Time helps, but you need to take that time, stop being for everyone else, take yourself somewhere you and your lost love liked to go - sit in a park, walk in the woods - don't think you can do everything for everyone - you are the most important person to you - take time for you, to remember your love, cry, laugh, remember the good times, and the bad - but you need to take time for you - right now - go for a long drive - anything where you can be alone -

Talk on this site as often as you want - it helps, there are some wonderful people on here.
jules

Oct 04, 2010
No wonder...
by:

No wonder you're weary with all that you have to deal with. A very bad time for family to be dependent on you, when you can barely function yourself.

Your title should be: spreading myself too thin.

I understand that your kids need you. And family needs you. What about you.

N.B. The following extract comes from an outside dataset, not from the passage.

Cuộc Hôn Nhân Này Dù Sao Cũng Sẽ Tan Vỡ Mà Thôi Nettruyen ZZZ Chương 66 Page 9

Where is your alone time to grieve? To sort things out, your solitude. At first I could not stand noise or commotion whatsoever. I had an 11 year old to raise, he is 12 now but at times I need to take a deep breath for patience. The grief makes me weak and weary. You are painting yourself into a corner somehow and I don't know how, you need to delegate responsibility so that you are able to be alone. And responsible for only your actions and feelings for now.

Give yourself a break, you deserve it. Let grief happen or it will anyway and not in a subtle way.
My best to you. Hope that you find your way.